AbstractThe deformation of polycrystals are modelled using three micron mechanic models; the Taylor model, the Sachs model and Hutchinson's self-consistent (SC) model. The predictions of the rigid plastic Taylor and Sachs models are compared with the predictions of the SC model. As expected, the results of the SC model is about half-way
between the upper- and lower-bound models. The influence of the elastic anisotropy is investigated by comparing the SC predictions for aluminium, copper and a hypothetical material (Hybrid) with the elastic anisotropy of copper and the Young's modulus and hardening behaviour of aluminium. It is concluded that the effect of the elastic anisotropy is limited to the very early stages of plasticity, as the deformation pattern is almost identical for the three materials at higher strains. The predictions of the three models are evaluated by neutron diffraction measurements of elastic lattice strains in grain sub-sets within the polycrystal.

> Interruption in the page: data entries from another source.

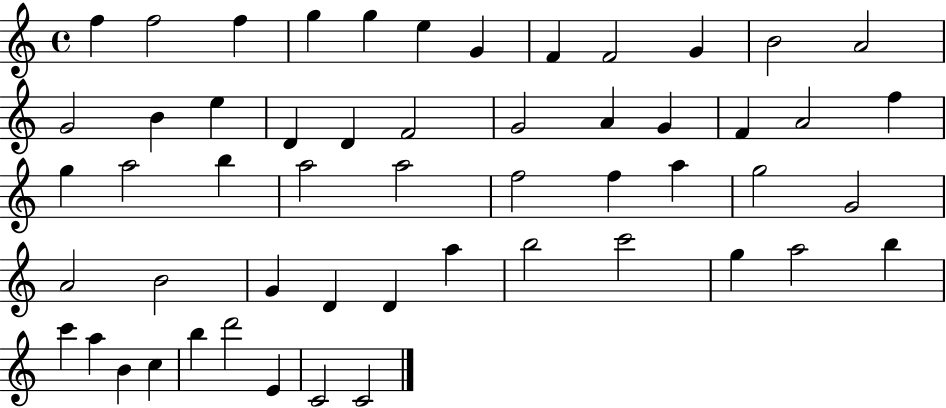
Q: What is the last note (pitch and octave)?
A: C4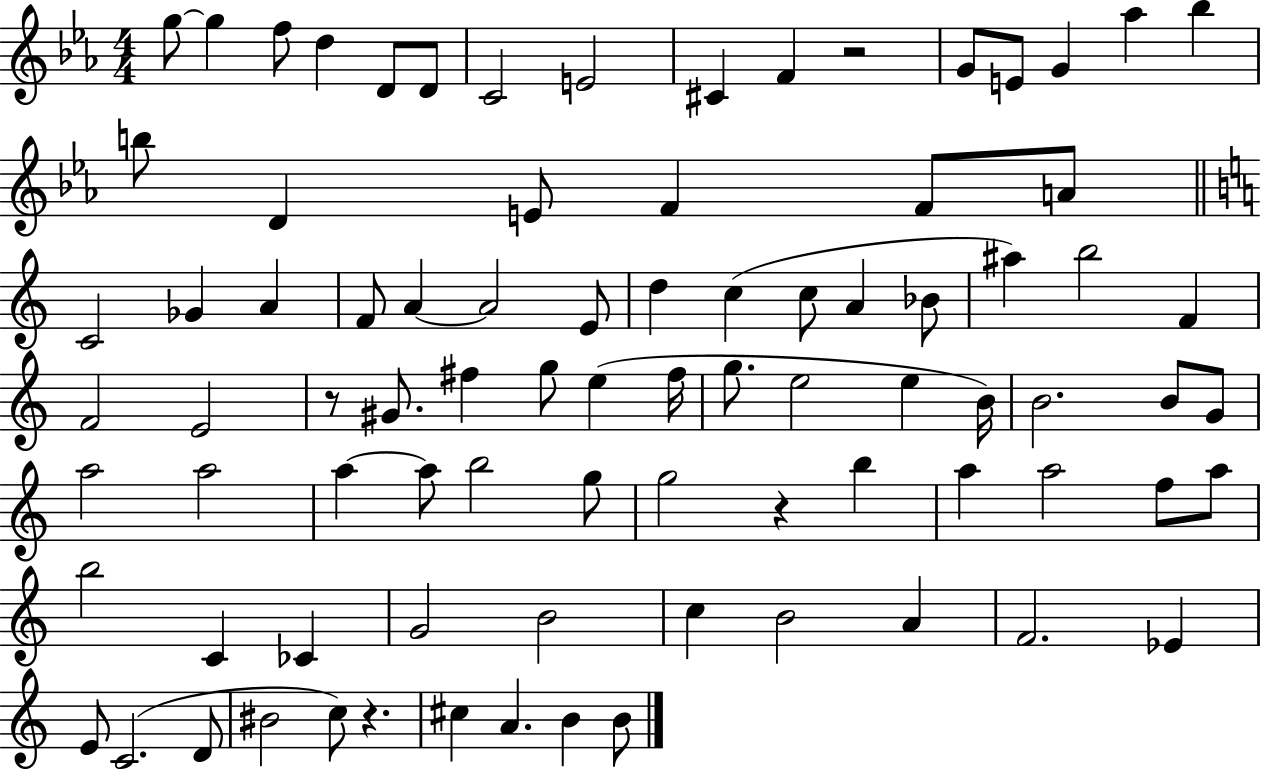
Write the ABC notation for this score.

X:1
T:Untitled
M:4/4
L:1/4
K:Eb
g/2 g f/2 d D/2 D/2 C2 E2 ^C F z2 G/2 E/2 G _a _b b/2 D E/2 F F/2 A/2 C2 _G A F/2 A A2 E/2 d c c/2 A _B/2 ^a b2 F F2 E2 z/2 ^G/2 ^f g/2 e ^f/4 g/2 e2 e B/4 B2 B/2 G/2 a2 a2 a a/2 b2 g/2 g2 z b a a2 f/2 a/2 b2 C _C G2 B2 c B2 A F2 _E E/2 C2 D/2 ^B2 c/2 z ^c A B B/2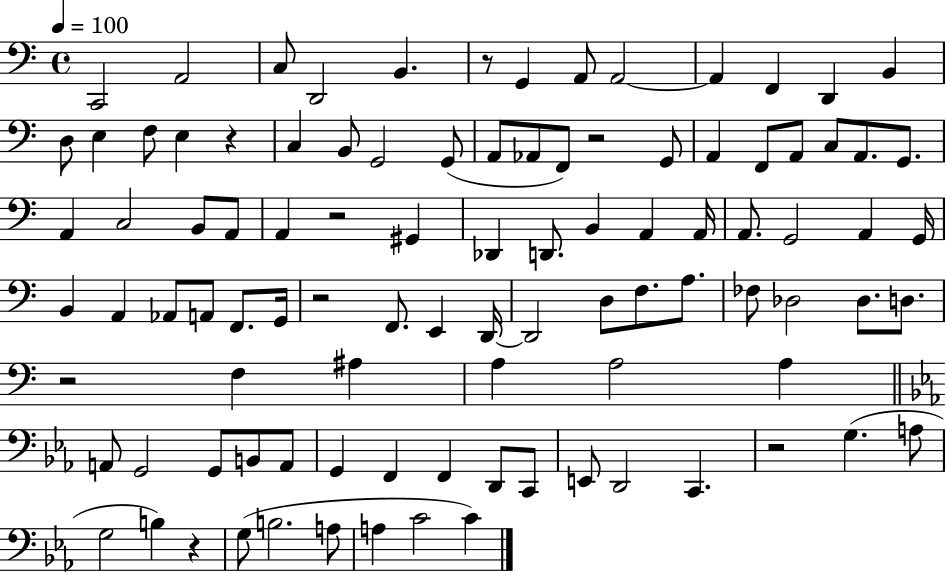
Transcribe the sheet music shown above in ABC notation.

The two rigid plastic models do not include any material parameters and therefore the predictions of the SC model is more accurate and more detailed than the predictions of the Taylor and Sachs models. The SC model is used to determine the most suitable reflection for technological applications of neutron diffraction, where focus is on the volume average stress state in engineering components. To be able to successfully to convert the measured elastic lattice strains for a specific reflection into overall volume average stresses, there must be a linear relation between the lattice strain of the reflection and the overall stress. According to the model predictions the 311-reflection is the most suitable reflection as it shows the smallest deviations from linearity and thereby also the smallest build-up of residual strains. The model predictions have pin pointed that the selection of the reflection is crucial for the validity of stresses calculated from the measured elastic lattice strains. |